Sunday, February 1, 2009

Lectio Divina - Twenty-four


Stephen Mitchell, A Book of Psalms: Selected and Adapted from the Hebrew. New York: HarperCollins, 1993. Psalm 139, final section, continued from last week.


You fashioned my inward parts;

you knit me in my mother’s womb.

My soul was not hidden from you

when I was being formed in secret,

woven in the depths of the world.

How can I keep from praising you?

I am fearfully and wonderfully made,

and all your works are marvelous.

Your eyes saw all my actions;

they were written down in your book;

all my days were created

before even one of them was.

How measureless your mind is, Lord;

it contains inconceivable worlds

and is vaster than space, than time.

If ever I tried to fathom it,

I would be like a child counting

the grains of sand on a beach.


Search me, Lord; test me

to the depths of my inmost heart.

Root out all selfishness from me

and lead me in eternal life.



2 comments:

Lindsay Boyer said...

The final section of Psalm 139 echoes the creation story in Genesis in which God creates human beings and sees that we are good. In this passage, the psalmist describes how she was made by God in the womb and is "wonderfully made" and "marvelous." When we are able to believe in our own basic goodness, it is easier for us to stand before God, longing for closeness and transformation.

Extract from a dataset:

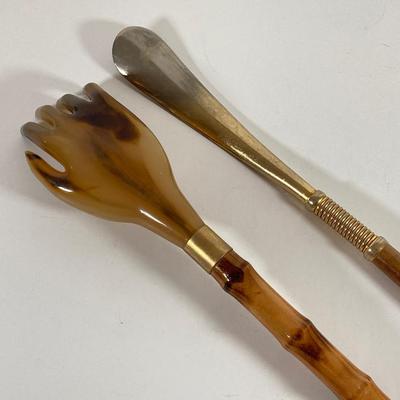 LOT 169: Vintage Collection - J.W Pipe, Cigarette Holder, Ashtray, Back Scratcher (Italy), Shoe Horn, Leather Holders, Brass Bell and...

I pray that I may have faith in the goodness with which you made me, ever reaching towards that goodness.

Anonymous said...

If I ever tried to fathom your mind, O Godess, I would be like a child trying to count the grains of sand on the beach. Please, help me to spend time daily on the beach with you, your beach, counting the grains of your sand, that I might take the best time of my day contemplating Your magnitude and breath. Awomen.